With people staying at home more, maintenance and improvement projects come to the forefront of residents’ minds, which in turn is keeping some home improvement businesses afloat during an uncertain time, according to some contractors.
“While the phone’s ringing, I’m going to work seven days a week if I have to,” said Luke Crosthwaite, a Gilbert resident and owner of Crosthwaite Custom Construction.
However, the effect is not universal. Some contractors struggle like most of the rest of the country’s businesses have. Most businesses, also, have had to adjust their practices and take precautions to make people more comfortable while they are in or around their homes.
Crosthwaite, with a varied background in 20 years of professional contracting work, specializes in “super custom stuff, the more radical, weird stuff that needs to be designed and fabricated.”
But he does not just do those projects.
“I don’t know if I’m not really a handyman, but I advertise for it because I don’t have an ego,” Crosthwaite said. “So sometimes I’m doing really fancy, technical, radical stuff. Sometimes I’m putting in ceiling fans. But I’m able to put bread on the table for my family, and that’s the main thing.”
One thing he said he is doing less of is subcontracting some of his work out. Part of that, he said, is because some workers are content to stay home and collect unemployment in the current environment, and it can be difficult to find good workers.
“I’ve been painting my [butt] off all last week and this week, too,” he said. “I’m doing a lot of the labor part myself, but that’s what you’ve got to do right now. I’m actually double-booked right now. I’m going to work Saturday and Sunday to try to catch up because I don’t know what’s going to happen next month.”
Dave Capko of Gilbert-based Ideal Plumbing said he has seen no slow down with pandemic—if anything, business is up.
“There’s a percentage, a small percent, of people who have tried to do it themselves, and they end up messing it up so they have to call a plumber,” he said. “But I find that the people are home more, they’re doing more projects, and they are getting us in there to do their work.”
The biggest changes Capko has seen are just some extra precautions being taken.
“The only thing that we do differently now is gloves, masks,” he said. “I wipe down when I’m done with some cleaning disinfectant. But other than that, there’s nothing that’s really changed.”
No universal increase
Gilbert resident Dale Dahlgren is co-owner with his wife of a handyman services company, Mr. Honey Do Services. Dahlgren does plumbing, electrical, carpentry and painting work, plus makeovers and odd jobs.
Dahlgren said his business went down about 50% when the restrictions from the coronavirus pandemic were placed on the town.
“Some folks were, the older folks were reluctant to bring us in—with good reason,” Dahlgren said. “Now I think people are starting to say, ‘OK, money’s coming in again, and we’ve looked at this thing for six weeks. We’ve got to get it fixed.’”
Dahlgren said he did do some work on people’s do-it-yourself projects where they needed him to finish the job. But business only started to return when restrictions started to coming to an end.
“I think a lot of people are starting to see that they’re getting back to work and the state is starting to open up,” he said. “I feel like that’s got a lot to do with it.”
For Bradley Rogers, it is not a matter of business slowing down but one of getting A/C Rangers Heating and Cooling off the ground. He and his business partner launched the company during the pandemic.
“It’s tough for any business owner, and then along with everything going on, it makes it more difficult,” Rogers said. “But it’s been good. We’ve done our research. We’ve done our homework and for the most part it’s been a well-calculated risk.”
The company is not taking risks when it comes to customers’ health and comfort.
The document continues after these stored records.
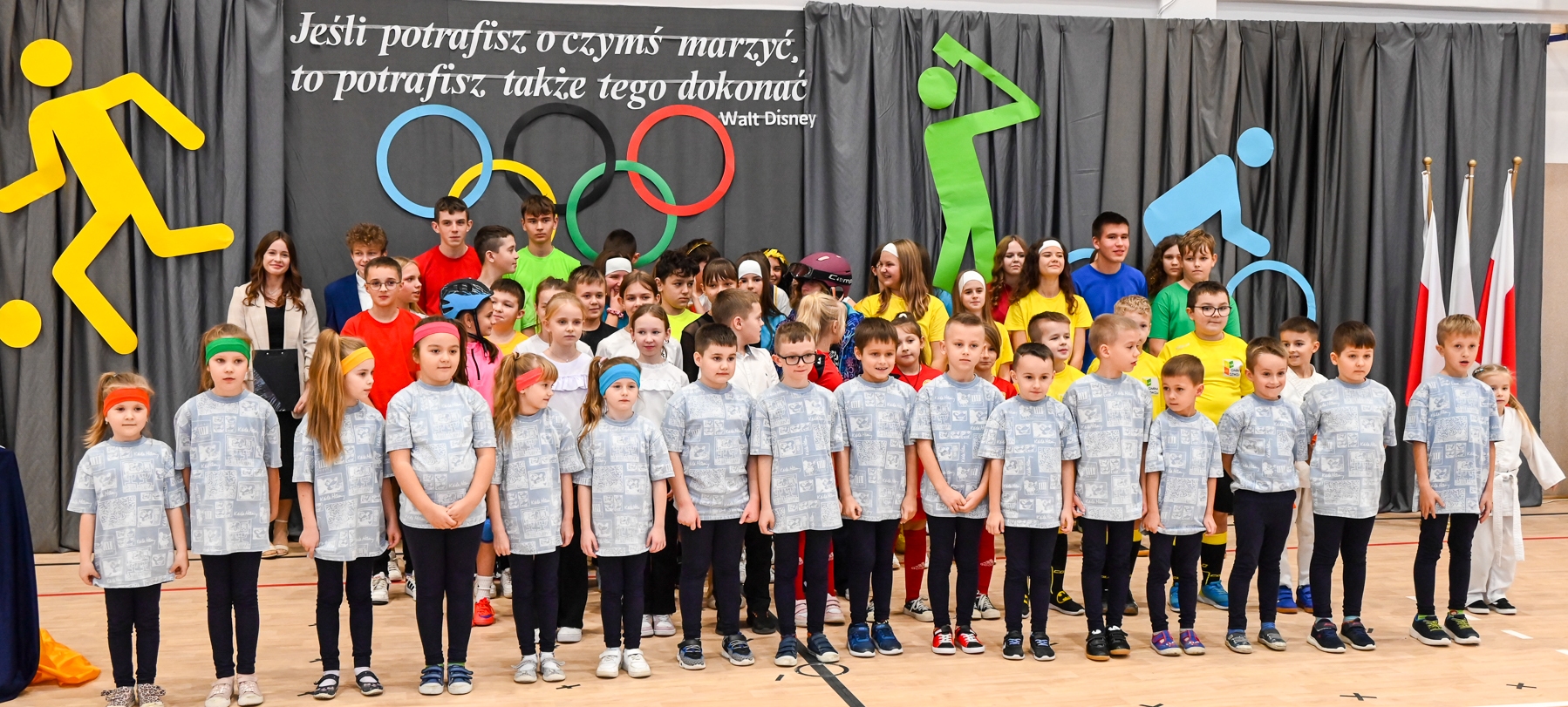 Grupa dzieci i nastolatków w kolorowych strojach sportowych stoi na tle szarej kurtyny z olimpijskimi pierścieniami i dużymi kolorowymi sylwetkami sportowców.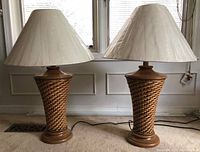 Two identical wicker table lamps with off-white fabric shades placed side by side on carpet near a window.
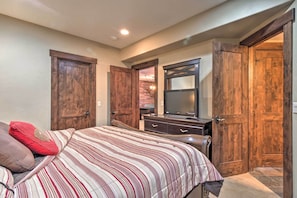 A bedroom with a bed, wooden doors, a dresser, and a TV.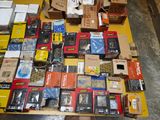 many boxes of electronic equipment on a table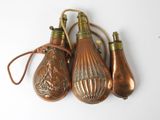 three antique brass bottles with handles and a rope on a white surface
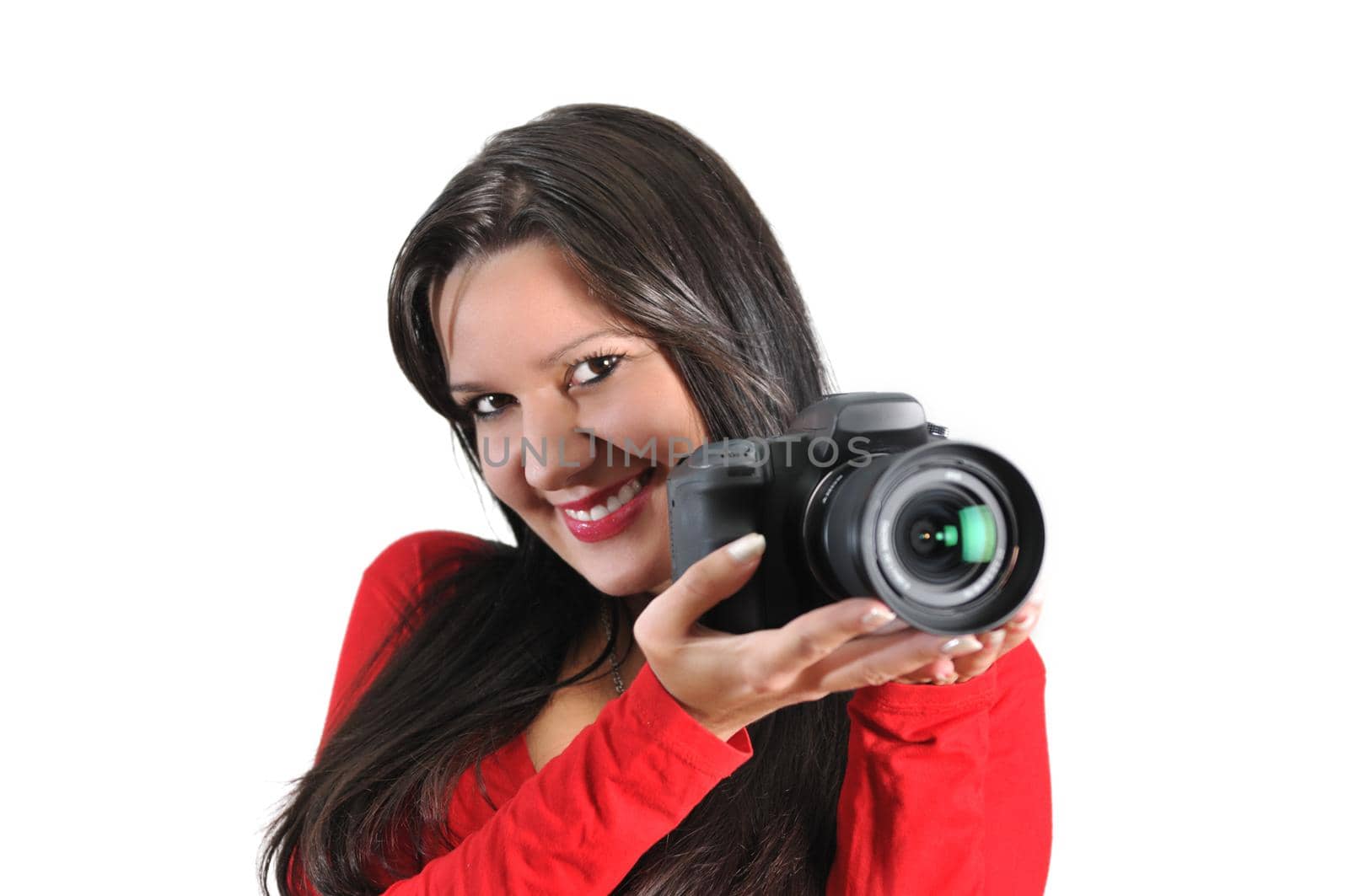 Young woman holding camera in hand taking picture isolated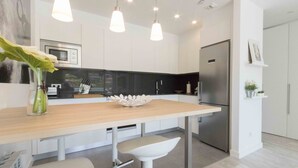 Cucina moderna con isola centrale, luci a sospensione ed elettrodomestici in acciaio inossidabile.
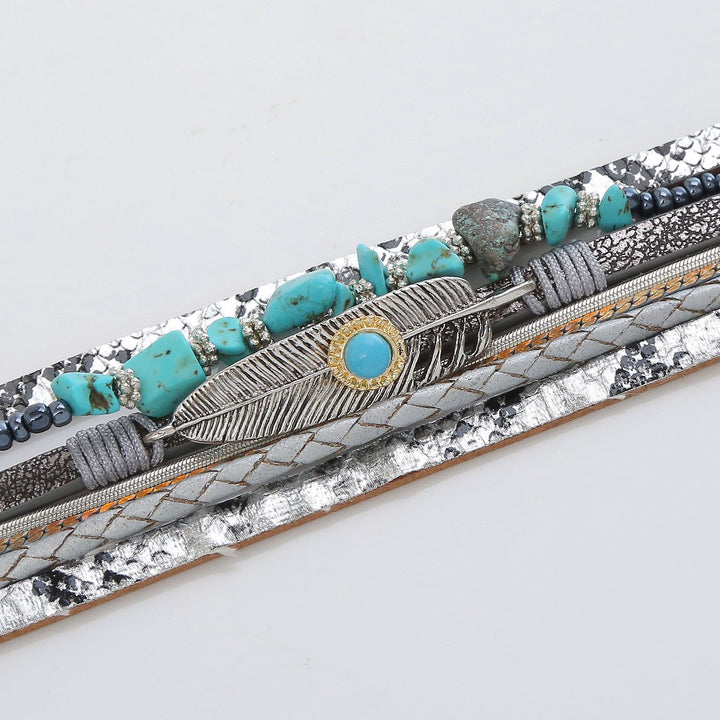 Vintage leather bracelet with turquoise stones and feather design
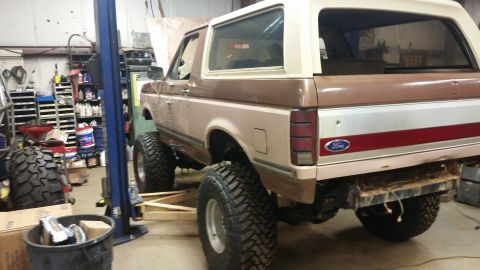 1988 Ford Bronco - This lifted 1988 Ford Bronco is seen in a garage with its hood up and large off-road tires.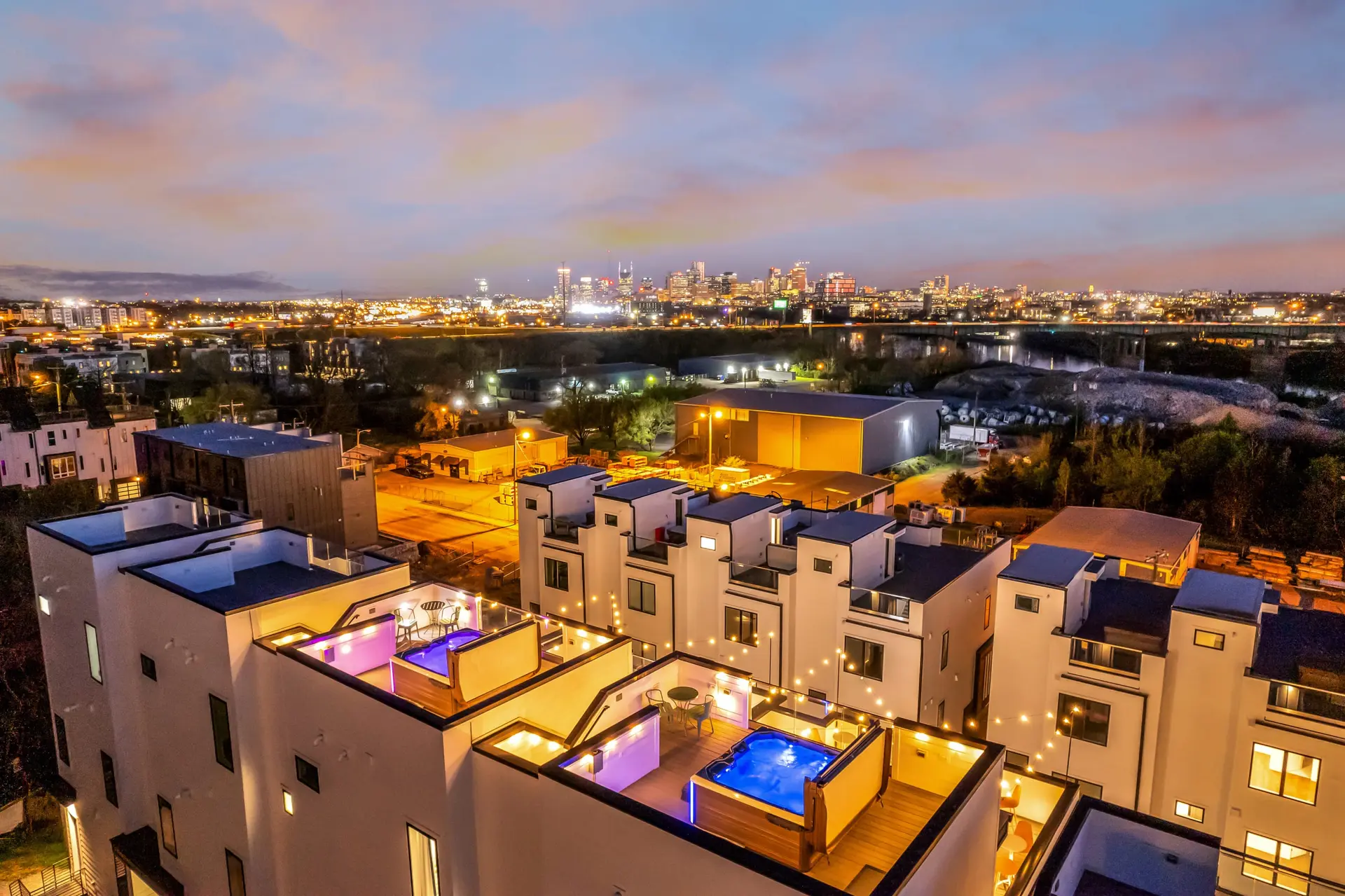A city skyline at dusk with modern white townhomes in the foreground.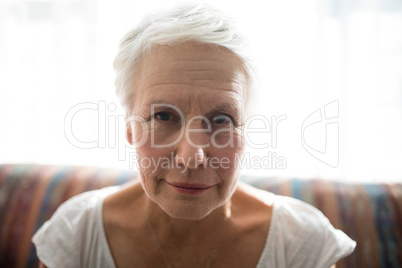 Close-up portrait of senior woman sitting on sofa against window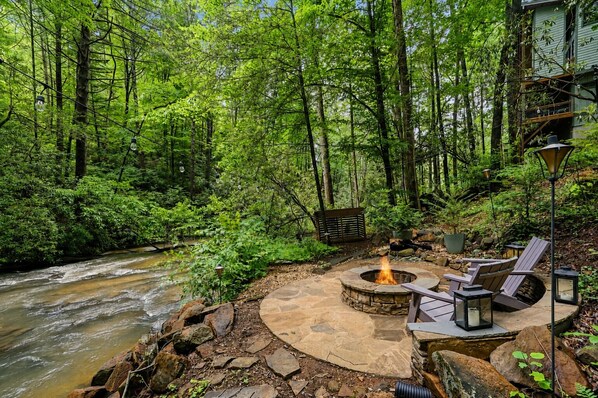A stone fire pit with seating and lanterns in a forested area with a stream. - Moonlight Creek Retreat ~ Private Creek, Hot Tub, Fire Pit & More (Ellijay)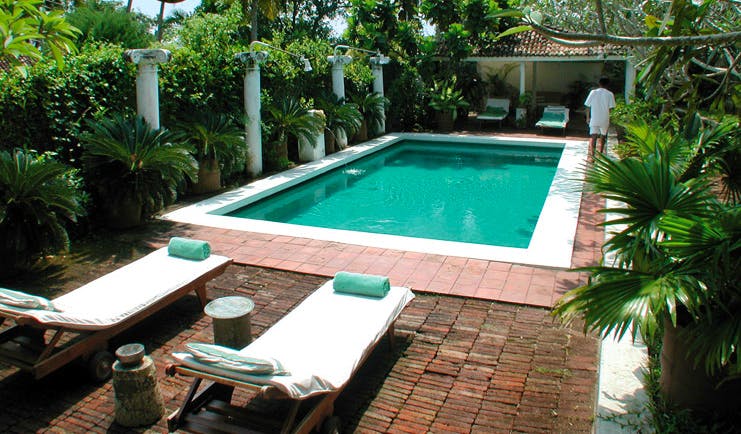 The Sun House Sri Lanka outdoor pool loungers surrounded by greenery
“We put masks on, we put gloves on, we put booties on after every single call,” he said. “We cover our feet, and we try to not go in if we don’t have to. If the problem is outside, we’ll just deal with it outside. ... If we have to come in, we have them just show us where we need to be, so that way we’re not searching for things around the house. We try to maintain our distance.
Helping the business as it starts has been the spike temperatures in the Valley in late April.
“In Arizona, unfortunately air conditioning is a necessity,” he said. “It’s not a luxury. And so obviously we are busy, it being Arizona.”